3. Immigration, Policy, and the Political Spectacle (28:18–36:00)
- Performative Cruelty & Policy Theater:
Darryl references Nick Fuentes' term "performative cruelty," describing high-profile ICE raids as symbolic gestures that serve political audiences more than substantive enforcement.- "This is just performative cruelty to make you feel like something's being done to people you don't like. But nothing's actually being done." (28:45)
- Both discuss the bipartisan interest in preserving a flow of cheap labor and the economic incentives at the heart of immigration debates, regardless of public rhetoric.
4. The Effects of Tribal Social Media and Culture (31:00–41:09)
- Darryl shares an anecdote about barroom bravado to illustrate how many online “fighters” are all talk, and how social media amplifies road-rage-style interactions that have no connection to real life consequences.
- Social media, they agree, radicalizes and dehumanizes political opponents:
- "People operating from that mindset with just no sense of the reality of the situation that they're talking about.... It might as well have been like, you know, a zombie from 28 Days Later that got shot." (38:00)
Notable Quote
- Scott Horton:
"It's always the enemy, them. And you never even get like, the right wingers won't ever show you what the left wingers will say. They'll just tell you what the left wingers say and vice versa, too." (41:09)

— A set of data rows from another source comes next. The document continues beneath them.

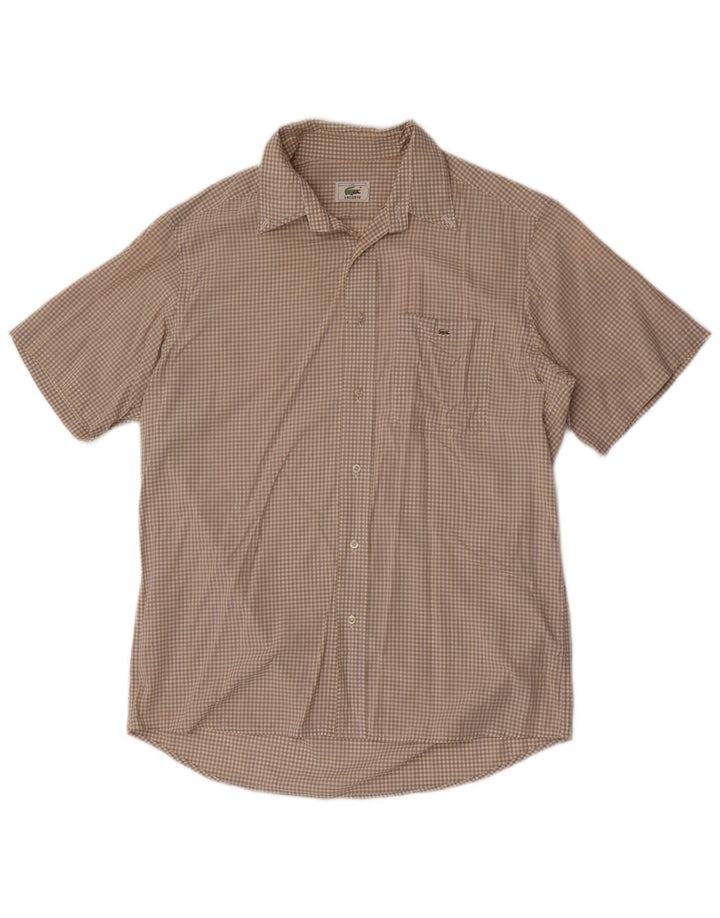 Camisa Lacoste Hombre Manga Corta Talla 40 Mediana Beige Cuadros Algodón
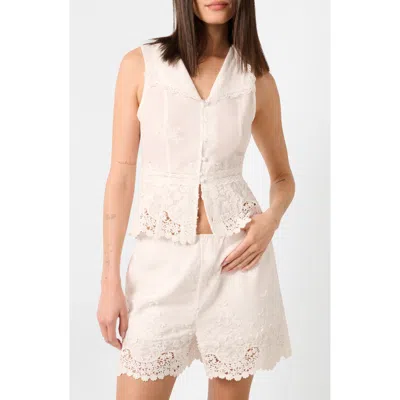 Weworewhat Floral Lace Collared Button-up Top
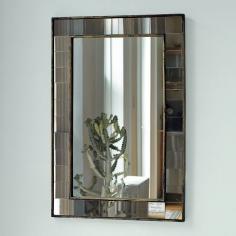
                    
                        Antique Tiled Wall Mirror | west elm - there's gotta be a way to make this using my current bathroom mirror...
                    
                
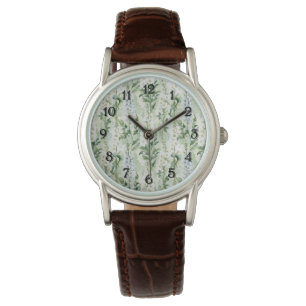 Montre Fleurs de Delphinium blanc lavande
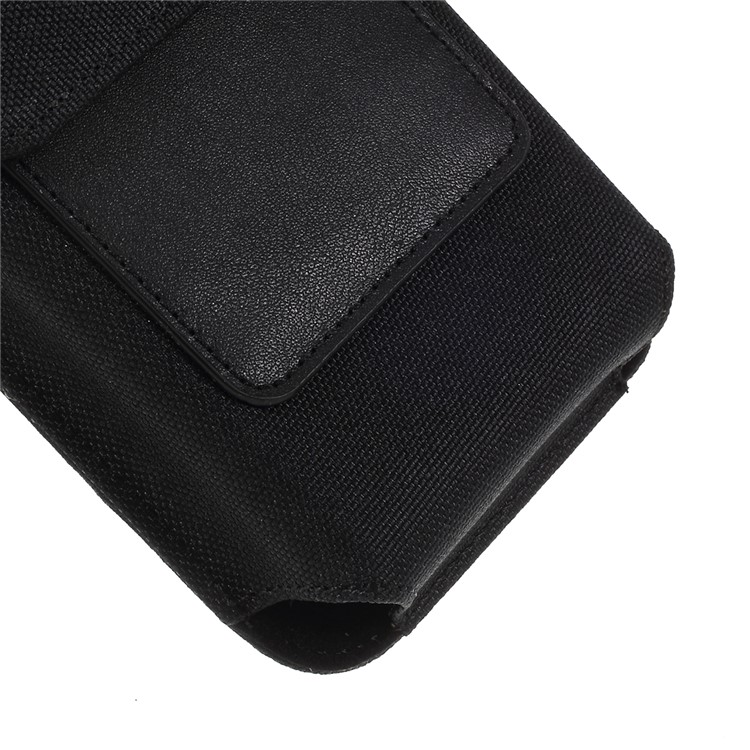 Universal Clip Hanging Waist Bag Card Holder Pouch Leather Phone Case for 5 inch Smartphones - Black-2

5. From Waco to Empire—America's Sliding Legitimacy (12:35–27:04; 41:09–66:04)
- Scott recounts his anti-government roots since Waco and how both left and right have swapped their “anti-establishment” clothes depending on political convenience.
- The two discuss how America’s domestic paramilitary posture can’t be separated from its foreign wars and imperial habits.
- Reference “Hate Inc.” by Matt Taibbi and “The People's Pottage” by Garrett Garrett on how media and government have encouraged polarization and the rise of the executive.
- Scott: "If the Republic does not forbid the rise of empire, then the empire will destroy the Republic." (61:44)
- Discussion of how foreign policy justifies centralized domestic power and vice versa; you cannot have a true republic and empire at the same time.
6. Venezuela Raid—Night Raids as Imperial Tactics (48:15–54:54)
Event Breakdown:
- The hosts discuss the recent U.S.-sponsored Venezuelan operation: rather than a full regime change or war, the U.S. appeared to use a special operations-style raid to capture President Maduro, installing his Vice President in his place.
- Darryl speculates, echoing the bin Laden raid, that such operations often involve deals and betrayals rather than direct, movie-style military action.
- "I'm skeptical...it looks a lot to me like they cut a deal with his underlings to get him out of there." (50:06)
- Scott insists this is an act of war under U.S. and international law and criticizes right-wing excuses for Trump’s authority to conduct such acts unilaterally:
"It's absolutely an act of war to invade a nation with military force and kidnap their sovereign leader. Give me a break." (55:24)
7. Empire vs. Republic and Constitutional Decay (59:11–66:04)
- The hosts tie together domestic militarization, imperial overreach, and the erosion of constitutional limits on presidential war powers.
- Darryl cites the historical pattern: "If you look at empires throughout history, the legislature becomes less and less and less important as time goes on... We are 100% there." (59:31)
- Scott recommends classic anti-empire writings and highlights the fatal contradiction:
"You can have a nation or you can have an empire, you cannot have both, they are absolutely incompatible." (65:22)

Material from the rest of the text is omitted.